Instead, they may see the center shutter altogether due to proposed cuts in the city budget.
In 2014, Councilman Costa Constantinides secured $500,000 to upgrade the space.
Despite multiple construction delays, the renovated center was expected to be complete by the end of June. Seniors were planning a celebration and “a new beginning” at the site, the Astoria councilman said.
“It was long overdue, the space has always been cramped,” he said. “It needed more space to do programming.”
But last month, Constantinides was told by City Hall that the Astoria Houses center would be among 12 sites that would be closed due to low attendance and lack of quality services.
Other centers slated for closure include Baisley Park, Bland and Shelton Social Club in Queens, and Armstrong Social Club, Langston Hughes, Palmetto Gardens and Sumner in Brooklyn.
At his executive budget presentation on April 25, Mayor Bill de Blasio said this “cost-effective new approach” will close these senior clubs –– which a City Hall spokesperson described as lounges –– and relocate seniors to actual senior centers nearby.
The city would provide free transportation, while producing nearly $900,000 in savings through the consolidation.
“Those clubs, which we found were underutilized, could not provide the same quality of service as our DFTA programs could,” said de Blasio, referring to the Department for the Aging. “So seniors will go to an established senior center that specializes in supporting seniors.”
The senior centers where they will be moved to are all within three-quarters of a mile from the original senior clubs, city officials said.
City Council members whose districts would be impacted rallied against the cuts. Constantinides, who sits in the council’s Budget Negotiating Team, pledged to fight to restore the funding in the final budget.
“We shouldn’t be balancing the budget on the backs of our seniors,” he said. “They all deserve better.”
Claudia Coger, president of the Astoria Houses Residents Association, said they have a large population of seniors, all of whom need an outlet like the senior center. They don’t want to hop on a bus and be taken to another site.
“We don’t need anybody scattering us about to say, ‘you can go here for this service or that service,’” she said. “We can benefit from it right here.”
Initially, the city planned to send seniors to the RAICES Astoria center. But elected officials say after they found out that center is predominantly Spanish-speaking, the city decided to bus the seniors to the center at Queensbridge Houses instead.
“The Queensbridge center is a wonderful center for the residents of Queensbridge,” Constantinies said. “But it’s a long way to go.”
Andre Stith, a lifelong Astoria Houses resident and a member of Community Board 1, said Queensbridge already has many seniors living in the 96-building complex.
“Our seniors should not have to go there and feel out of place,” he said, “when they have a place right here at home.”

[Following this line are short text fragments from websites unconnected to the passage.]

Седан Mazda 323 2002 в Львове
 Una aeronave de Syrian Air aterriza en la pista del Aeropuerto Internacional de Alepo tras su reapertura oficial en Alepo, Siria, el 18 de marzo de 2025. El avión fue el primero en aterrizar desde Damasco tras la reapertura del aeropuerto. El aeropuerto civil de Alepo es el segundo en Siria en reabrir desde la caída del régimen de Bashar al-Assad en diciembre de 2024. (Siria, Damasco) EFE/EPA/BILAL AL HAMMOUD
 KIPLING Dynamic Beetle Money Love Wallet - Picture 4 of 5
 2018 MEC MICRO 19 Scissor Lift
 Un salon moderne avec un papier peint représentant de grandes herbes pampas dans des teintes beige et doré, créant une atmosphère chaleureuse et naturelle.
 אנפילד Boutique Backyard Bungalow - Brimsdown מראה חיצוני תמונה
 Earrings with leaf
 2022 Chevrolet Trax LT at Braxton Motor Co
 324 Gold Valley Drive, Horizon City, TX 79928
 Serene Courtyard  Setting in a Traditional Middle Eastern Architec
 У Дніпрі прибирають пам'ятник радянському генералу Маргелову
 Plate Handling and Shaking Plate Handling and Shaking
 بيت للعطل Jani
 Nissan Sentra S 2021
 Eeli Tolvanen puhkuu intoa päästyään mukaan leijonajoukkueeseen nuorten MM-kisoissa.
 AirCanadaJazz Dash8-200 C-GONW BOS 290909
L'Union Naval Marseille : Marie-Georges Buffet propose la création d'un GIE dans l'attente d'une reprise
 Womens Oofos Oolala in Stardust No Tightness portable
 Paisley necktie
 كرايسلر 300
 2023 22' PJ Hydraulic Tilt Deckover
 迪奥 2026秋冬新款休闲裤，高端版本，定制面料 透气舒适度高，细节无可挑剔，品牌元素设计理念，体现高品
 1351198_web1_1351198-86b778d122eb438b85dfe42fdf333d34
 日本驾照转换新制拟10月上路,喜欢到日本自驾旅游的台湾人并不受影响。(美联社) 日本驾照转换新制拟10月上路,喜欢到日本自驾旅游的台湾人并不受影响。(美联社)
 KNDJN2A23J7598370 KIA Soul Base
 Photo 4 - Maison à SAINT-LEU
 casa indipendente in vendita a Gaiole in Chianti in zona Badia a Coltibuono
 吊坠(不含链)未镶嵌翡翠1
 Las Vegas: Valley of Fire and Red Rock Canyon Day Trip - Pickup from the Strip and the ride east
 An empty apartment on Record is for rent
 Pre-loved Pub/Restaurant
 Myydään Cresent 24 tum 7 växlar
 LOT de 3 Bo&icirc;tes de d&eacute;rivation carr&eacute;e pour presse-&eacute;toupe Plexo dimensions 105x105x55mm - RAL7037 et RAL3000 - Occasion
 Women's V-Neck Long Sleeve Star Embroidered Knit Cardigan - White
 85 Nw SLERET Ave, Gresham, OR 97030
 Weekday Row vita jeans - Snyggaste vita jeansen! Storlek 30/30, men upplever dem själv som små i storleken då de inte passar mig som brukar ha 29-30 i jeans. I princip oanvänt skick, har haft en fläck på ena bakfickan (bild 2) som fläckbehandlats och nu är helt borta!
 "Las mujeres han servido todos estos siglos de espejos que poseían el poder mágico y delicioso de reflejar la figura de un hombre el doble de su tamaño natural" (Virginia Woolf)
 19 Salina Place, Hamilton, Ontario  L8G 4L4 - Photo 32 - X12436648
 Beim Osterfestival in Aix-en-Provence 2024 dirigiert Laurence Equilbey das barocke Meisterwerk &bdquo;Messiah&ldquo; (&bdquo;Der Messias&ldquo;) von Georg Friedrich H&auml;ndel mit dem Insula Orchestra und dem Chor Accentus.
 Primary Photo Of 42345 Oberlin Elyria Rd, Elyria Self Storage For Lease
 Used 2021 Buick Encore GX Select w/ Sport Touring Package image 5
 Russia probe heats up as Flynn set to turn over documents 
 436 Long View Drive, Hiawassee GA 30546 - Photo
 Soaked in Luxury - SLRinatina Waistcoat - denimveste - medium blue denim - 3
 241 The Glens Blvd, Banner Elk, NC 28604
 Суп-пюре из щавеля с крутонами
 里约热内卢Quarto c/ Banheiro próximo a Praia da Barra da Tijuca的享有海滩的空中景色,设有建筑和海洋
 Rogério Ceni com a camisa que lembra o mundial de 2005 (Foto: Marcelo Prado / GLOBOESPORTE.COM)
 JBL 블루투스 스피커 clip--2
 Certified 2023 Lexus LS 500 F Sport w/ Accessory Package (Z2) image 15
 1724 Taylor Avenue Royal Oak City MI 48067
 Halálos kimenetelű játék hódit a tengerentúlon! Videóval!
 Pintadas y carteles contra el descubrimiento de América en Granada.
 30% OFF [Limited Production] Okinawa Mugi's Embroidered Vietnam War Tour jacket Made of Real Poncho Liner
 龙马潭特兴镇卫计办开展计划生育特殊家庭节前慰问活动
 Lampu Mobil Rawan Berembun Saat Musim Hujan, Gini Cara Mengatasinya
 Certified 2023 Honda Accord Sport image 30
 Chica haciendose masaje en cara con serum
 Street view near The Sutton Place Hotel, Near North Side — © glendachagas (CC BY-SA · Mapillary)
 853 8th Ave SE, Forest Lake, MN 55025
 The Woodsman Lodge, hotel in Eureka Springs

Both Coger and Stith vowed to fight the closure of the senior center “to the very end.”
“We are not going any place,” she said. “Hear us out and understand this is our lives.
“It is unacceptable, and we’re not going to stand for it,” Stith added. “It’s not going to happen, not going to fly, not on my watch.”
In response to the mayor’s assertion that the site is underutilized, Constantinides said the attendance drop was a result of disinvestment and ongoing construction.
“It’s because NYCHA and the mayor’s office haven’t been investing in it,” he said. “Let’s invest more in our seniors, not less.”
State Senator Michael Gianaris added that the city created the environment for fewer people to attend these centers.
“It was a plan designed for failure,” he said. “It is a huge mistake.”
In a testimony on the budget before the City Council on May 7, DFTA Commissioner Lorraine Cortes-Vasquez said the mayor called for $750 million in savings to “meet the challenges presented by an uncertain revenue and economic future.”
DFTA’s $2 million in savings include a six-headcount reduction agency-wide and the $900,000 in senior club closures.
While the decision to close the centers was “challenging and complex,” the commissioner said it was the right move because many of them were not meeting essential health and safety standards.
“Many are not ADA compliant and have chronic leaks, flooding and sewage back up,” she said in her testimony. “Several have low participation rates that have resulted in higher than usual per-participant costs.
“We recognize there may be some concerns,” Cortes-Vasquez added. “However, we will work closely with the members of the NYCHA senior clubs as well as the alternate senior centers to provide a smooth transition.”